**TASK BRIEF:** Please set down each line of the data again, unchanged.

**INPUT:**
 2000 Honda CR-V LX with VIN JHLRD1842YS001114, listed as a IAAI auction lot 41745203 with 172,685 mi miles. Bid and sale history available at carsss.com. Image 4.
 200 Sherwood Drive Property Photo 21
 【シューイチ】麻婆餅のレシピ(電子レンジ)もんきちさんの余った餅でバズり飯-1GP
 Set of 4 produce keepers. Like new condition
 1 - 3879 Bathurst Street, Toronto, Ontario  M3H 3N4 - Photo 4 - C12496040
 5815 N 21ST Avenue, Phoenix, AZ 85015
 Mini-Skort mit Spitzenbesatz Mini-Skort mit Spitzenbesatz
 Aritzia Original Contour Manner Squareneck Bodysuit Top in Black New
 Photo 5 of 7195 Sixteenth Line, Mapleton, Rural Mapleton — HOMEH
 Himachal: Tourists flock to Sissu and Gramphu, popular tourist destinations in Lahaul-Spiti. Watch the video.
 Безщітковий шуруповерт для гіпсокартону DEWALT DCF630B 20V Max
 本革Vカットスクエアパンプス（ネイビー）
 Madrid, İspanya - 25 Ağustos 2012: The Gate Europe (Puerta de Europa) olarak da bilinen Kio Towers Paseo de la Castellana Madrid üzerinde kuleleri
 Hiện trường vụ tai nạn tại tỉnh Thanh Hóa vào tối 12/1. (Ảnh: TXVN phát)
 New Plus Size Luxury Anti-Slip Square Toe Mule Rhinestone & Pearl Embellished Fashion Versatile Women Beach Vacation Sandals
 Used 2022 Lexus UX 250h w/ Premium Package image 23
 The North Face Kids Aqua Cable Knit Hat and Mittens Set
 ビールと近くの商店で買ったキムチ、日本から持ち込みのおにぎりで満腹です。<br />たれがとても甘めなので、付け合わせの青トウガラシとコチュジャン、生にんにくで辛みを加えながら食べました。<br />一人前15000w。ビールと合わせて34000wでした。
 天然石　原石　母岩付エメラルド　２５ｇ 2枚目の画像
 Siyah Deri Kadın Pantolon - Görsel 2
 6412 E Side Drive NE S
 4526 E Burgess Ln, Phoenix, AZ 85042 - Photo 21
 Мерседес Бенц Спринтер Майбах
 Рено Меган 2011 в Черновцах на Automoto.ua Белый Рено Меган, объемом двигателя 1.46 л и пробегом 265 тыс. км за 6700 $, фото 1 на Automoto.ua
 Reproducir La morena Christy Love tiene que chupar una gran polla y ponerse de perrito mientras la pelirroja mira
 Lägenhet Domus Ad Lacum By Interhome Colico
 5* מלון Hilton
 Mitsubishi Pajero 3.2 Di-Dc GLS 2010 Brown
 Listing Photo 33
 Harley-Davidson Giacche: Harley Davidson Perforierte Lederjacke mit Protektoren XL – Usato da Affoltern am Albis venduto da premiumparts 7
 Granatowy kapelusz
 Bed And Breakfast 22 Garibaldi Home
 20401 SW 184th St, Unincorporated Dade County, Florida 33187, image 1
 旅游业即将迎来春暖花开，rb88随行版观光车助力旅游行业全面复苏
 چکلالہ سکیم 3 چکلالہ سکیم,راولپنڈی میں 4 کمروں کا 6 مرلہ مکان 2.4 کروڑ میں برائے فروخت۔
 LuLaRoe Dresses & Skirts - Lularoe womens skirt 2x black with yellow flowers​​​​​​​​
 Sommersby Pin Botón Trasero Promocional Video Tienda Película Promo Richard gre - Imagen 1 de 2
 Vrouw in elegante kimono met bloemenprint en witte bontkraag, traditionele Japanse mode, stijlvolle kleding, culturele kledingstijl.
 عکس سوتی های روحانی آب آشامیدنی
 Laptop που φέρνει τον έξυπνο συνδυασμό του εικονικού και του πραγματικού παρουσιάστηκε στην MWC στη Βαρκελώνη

**SOLVED EXERCISE:**
 2000 Honda CR-V LX with VIN JHLRD1842YS001114, listed as a IAAI auction lot 41745203 with 172,685 mi miles. Bid and sale history available at carsss.com. Image 4.
 200 Sherwood Drive Property Photo 21
 【シューイチ】麻婆餅のレシピ(電子レンジ)もんきちさんの余った餅でバズり飯-1GP
 Set of 4 produce keepers. Like new condition
 1 - 3879 Bathurst Street, Toronto, Ontario  M3H 3N4 - Photo 4 - C12496040
 5815 N 21ST Avenue, Phoenix, AZ 85015
 Mini-Skort mit Spitzenbesatz Mini-Skort mit Spitzenbesatz
 Aritzia Original Contour Manner Squareneck Bodysuit Top in Black New
 Photo 5 of 7195 Sixteenth Line, Mapleton, Rural Mapleton — HOMEH
 Himachal: Tourists flock to Sissu and Gramphu, popular tourist destinations in Lahaul-Spiti. Watch the video.
 Безщітковий шуруповерт для гіпсокартону DEWALT DCF630B 20V Max
 本革Vカットスクエアパンプス（ネイビー）
 Madrid, İspanya - 25 Ağustos 2012: The Gate Europe (Puerta de Europa) olarak da bilinen Kio Towers Paseo de la Castellana Madrid üzerinde kuleleri
 Hiện trường vụ tai nạn tại tỉnh Thanh Hóa vào tối 12/1. (Ảnh: TXVN phát)
 New Plus Size Luxury Anti-Slip Square Toe Mule Rhinestone & Pearl Embellished Fashion Versatile Women Beach Vacation Sandals
 Used 2022 Lexus UX 250h w/ Premium Package image 23
 The North Face Kids Aqua Cable Knit Hat and Mittens Set
 ビールと近くの商店で買ったキムチ、日本から持ち込みのおにぎりで満腹です。<br />たれがとても甘めなので、付け合わせの青トウガラシとコチュジャン、生にんにくで辛みを加えながら食べました。<br />一人前15000w。ビールと合わせて34000wでした。
 天然石　原石　母岩付エメラルド　２５ｇ 2枚目の画像
 Siyah Deri Kadın Pantolon - Görsel 2
 6412 E Side Drive NE S
 4526 E Burgess Ln, Phoenix, AZ 85042 - Photo 21
 Мерседес Бенц Спринтер Майбах
 Рено Меган 2011 в Черновцах на Automoto.ua Белый Рено Меган, объемом двигателя 1.46 л и пробегом 265 тыс. км за 6700 $, фото 1 на Automoto.ua
 Reproducir La morena Christy Love tiene que chupar una gran polla y ponerse de perrito mientras la pelirroja mira
 Lägenhet Domus Ad Lacum By Interhome Colico
 5* מלון Hilton
 Mitsubishi Pajero 3.2 Di-Dc GLS 2010 Brown
 Listing Photo 33
 Harley-Davidson Giacche: Harley Davidson Perforierte Lederjacke mit Protektoren XL – Usato da Affoltern am Albis venduto da premiumparts 7
 Granatowy kapelusz
 Bed And Breakfast 22 Garibaldi Home
 20401 SW 184th St, Unincorporated Dade County, Florida 33187, image 1
 旅游业即将迎来春暖花开，rb88随行版观光车助力旅游行业全面复苏
 چکلالہ سکیم 3 چکلالہ سکیم,راولپنڈی میں 4 کمروں کا 6 مرلہ مکان 2.4 کروڑ میں برائے فروخت۔
 LuLaRoe Dresses & Skirts - Lularoe womens skirt 2x black with yellow flowers​​​​​​​​
 Sommersby Pin Botón Trasero Promocional Video Tienda Película Promo Richard gre - Imagen 1 de 2
 Vrouw in elegante kimono met bloemenprint en witte bontkraag, traditionele Japanse mode, stijlvolle kleding, culturele kledingstijl.
 عکس سوتی های روحانی آب آشامیدنی
 Laptop που φέρνει τον έξυπνο συνδυασμό του εικονικού και του πραγματικού παρουσιάστηκε στην MWC στη Βαρκελώνη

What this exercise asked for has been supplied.